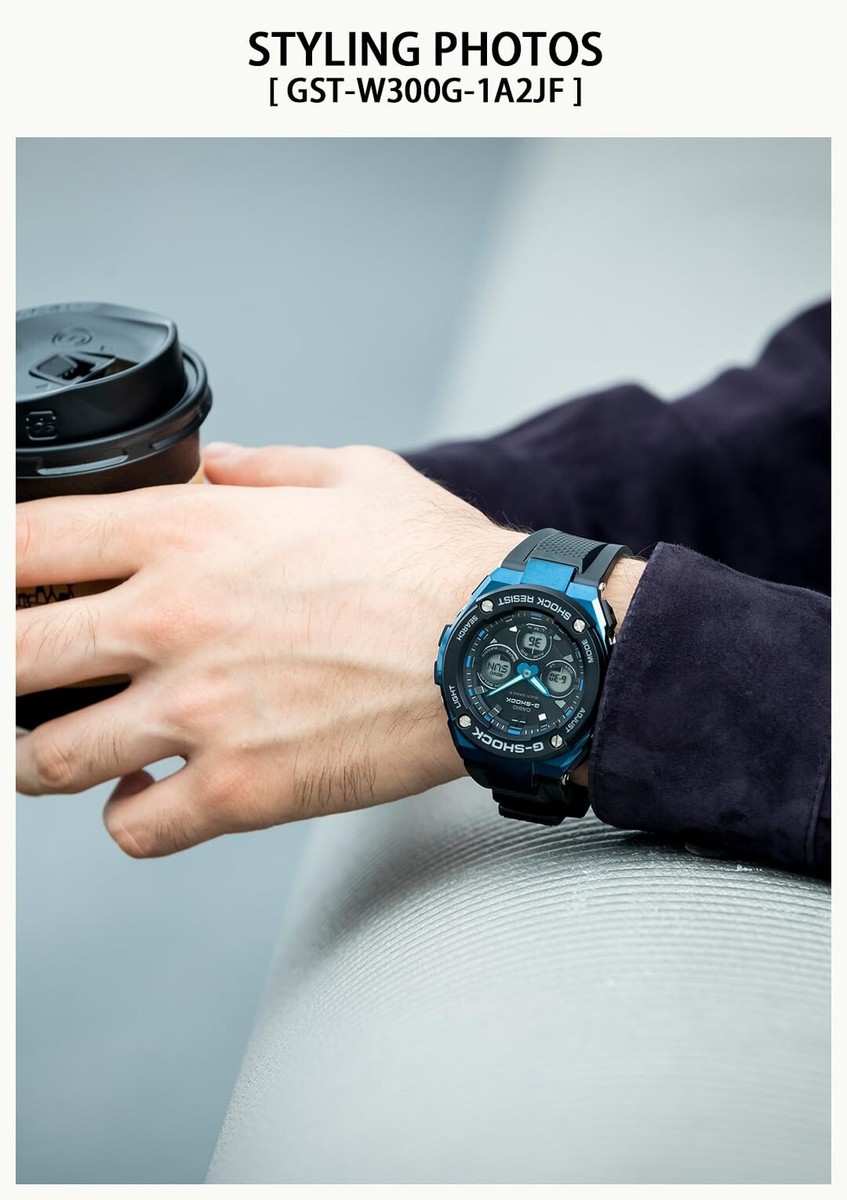 CASIO G- SHOCK G-STEEL Mid Size Series GST-W300-1AJF for men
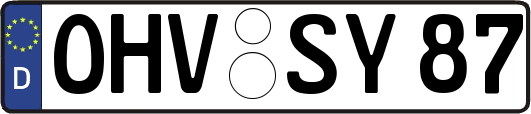 OHV-SY87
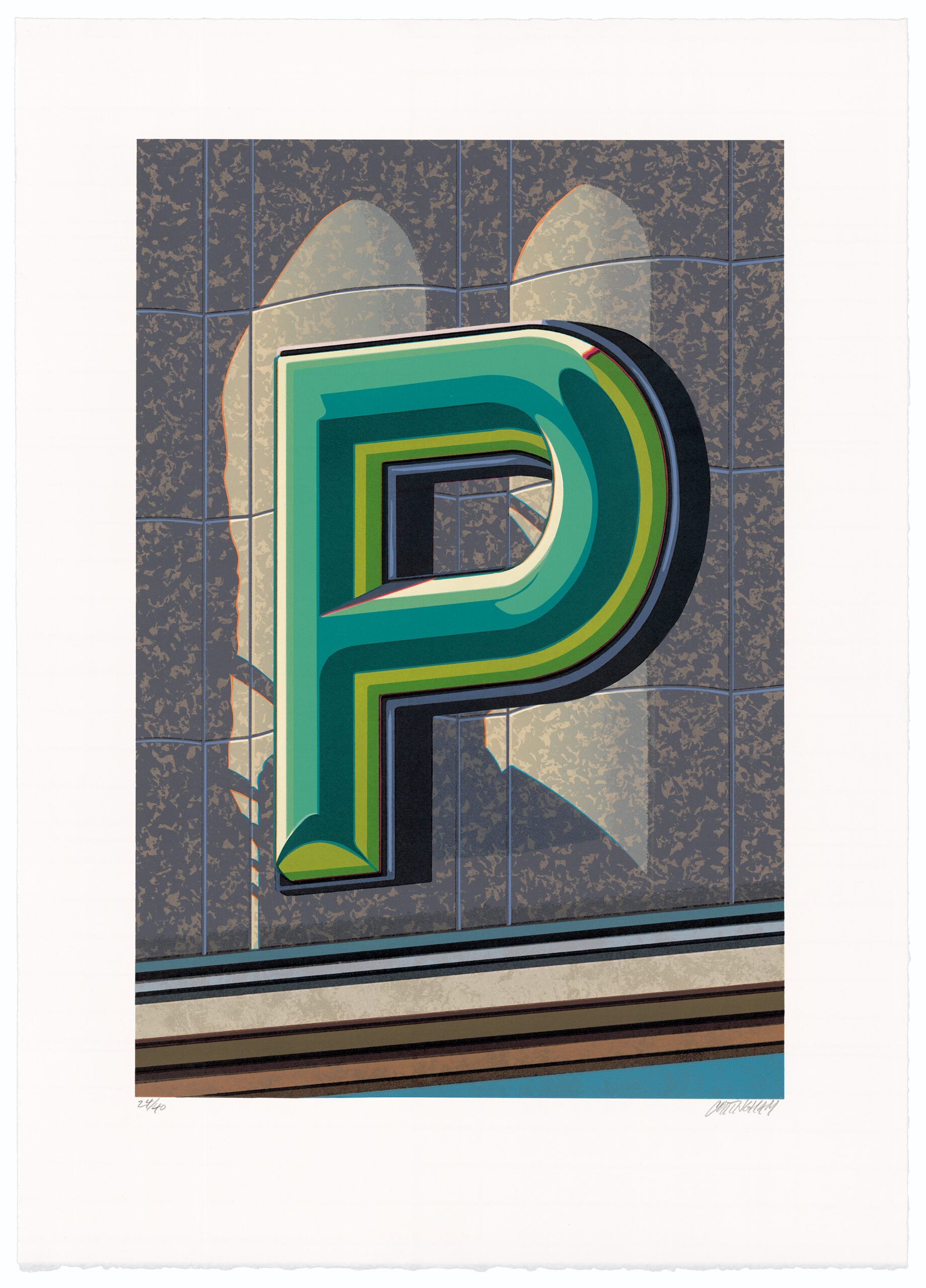 An American Alphabet: P by Robert Cottingham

TASK PROMPT: Above is a listing with pictures. Write it out exactly without them.

RESPONSE TO THIS TASK:
 CASIO G- SHOCK G-STEEL Mid Size Series GST-W300-1AJF for men
 OHV-SY87
 An American Alphabet: P by Robert Cottingham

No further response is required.